Ellerine geçen büyük fırsatlara ve körfez savaşından bu yana fiili olarak federal bir yapıda olmalarına rağmen, Kürt Partileri ‘Milli Bir ordu’ veya ‘Milli Bir Savunma Gücü’ inşa edemediler.

Dört büyük Kürt Partisinin kendine ait silahlı gücü var ama hala ulusal bir ordudan söz edilemiyor. Eldeki tek silahlı güç olan Peşmergeler , KDP ve YNK’ye bağlı peşmergeler olarak bölünmüş durumda.

PKK’nin gerillaları ise şu manzaraya baktığınızda, Kürtlerin Ortadoğu’da yegane dostu olan ülkenin dağlarında mevsimlerin gelip geçmesini bekliyor..

PKK; Türkiye’den geri çekilmek için hala ne bekliyor anlamak mümkün değil.

***

Kürdistan’dan kaçanlar Türkiye’ye sığınıyor, Midyat, İdil, Beşiri gibi ilçelerde yer alan Ezidi köyleri Irak Kürdistanı’ndan kaçıp gelen Kürd-Ezidilerle doluyor.

Kürdistan’dan gelenlerin güvenli görüp sığındığı yegane ülke Türkiye. Ama bu ülkenin dağlarında hala silahlı Kürtler var. Ve bu silahlı Kürtler’in Türkiye’ye karşı yeni bir savaş başlatmaları hala bir ihtimal olarak masada duruyor.

Ne yaman bir çelişki..

***

Yeni yüzyılın en büyük trajedilerinden biri Suriye’deki iç savaşsa, kuşku yok ki, ikincisi IŞİD’in yol açtığı katliamlar ve IŞİD’in saldırılarından kaçan on binlerce insanın yaşadığı trajedidir.

IŞİD’in Irak’taki varlığı Kürdistan Federal Bölgesinin varlığını tehdit eder hale geldi.

Bağdat’ın çaresizliği her geçen gün biraz daha artıyor.

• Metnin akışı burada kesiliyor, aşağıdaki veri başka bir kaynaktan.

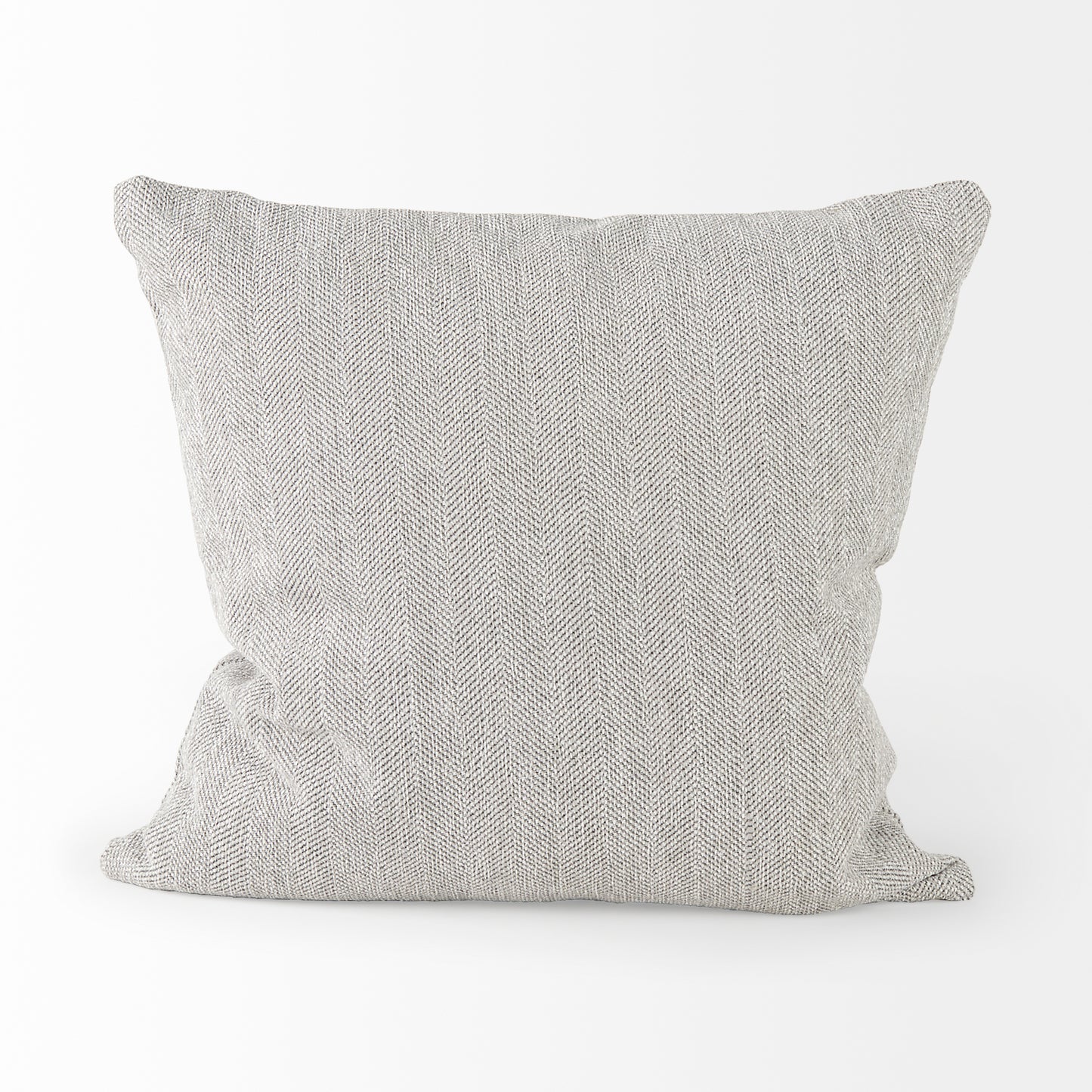 Valence Light Gray Throw Pillow Sectional Piece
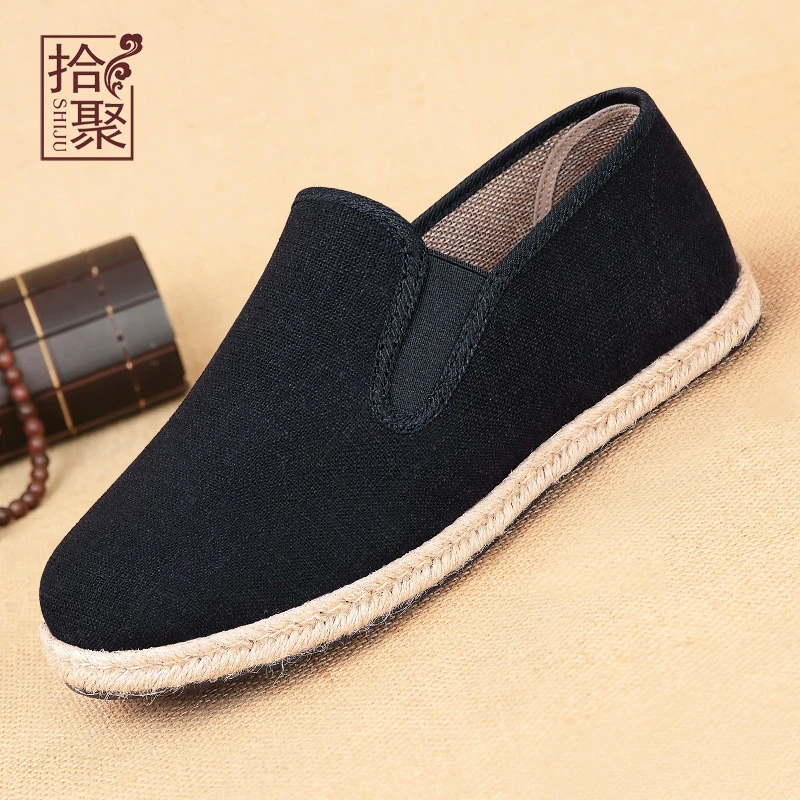 传统复古千层底布鞋春秋季正宗老北京布鞋男士休闲轻便舒适爸爸鞋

Bütün bunlara rağmen Ortadoğu’daki Kürt kamuoyu, bu zor zamanlarda, Kürdistan topraklarında savaşa tutuşmuş IŞİD benzeri gruplara karşı Kürt partilerinin ulusal bir cephede bir araya gelmelerini istiyor ve destekliyor.

Bir musibetten bir ders çıkaracak mı Kürtler, bekleyip göreceğiz.

Not:  BM gözetiminde olan Mahmur kampı, boşaltıldı. Çözüm süreci bağlamında geriye dönüşler olacaksa bunun Mahmur’dan başlaması gerektiğini hep yazdım ve söyledim. IŞİD’in Mahmur’da girişebileceği bir katliamın, sürecin sonu anlamına geleceğini ifade ettim. Mahmur şimdi boşaltıldı ama çözüm sürecinin bir adımı olarak değil, Mahmur’da yaşayan Türkiyelileri IŞİD’ten korumak için.. Şengal Ezidileri Türkiye’ye sığınıyor da, peki bu insanlar Türkiye Cumhuriyeti yurttaşı olmalarına rağmen neden bir kamptan bir diğer kampa sığınmayı tercih ediyorlar? Türkiye’ye neden hala dönmüyor veya dönmek istemiyorlar? Mahmurluların geri dönüşünü çeşitli sebeplerle bloke etmeye çalışmak ne kadar doğru?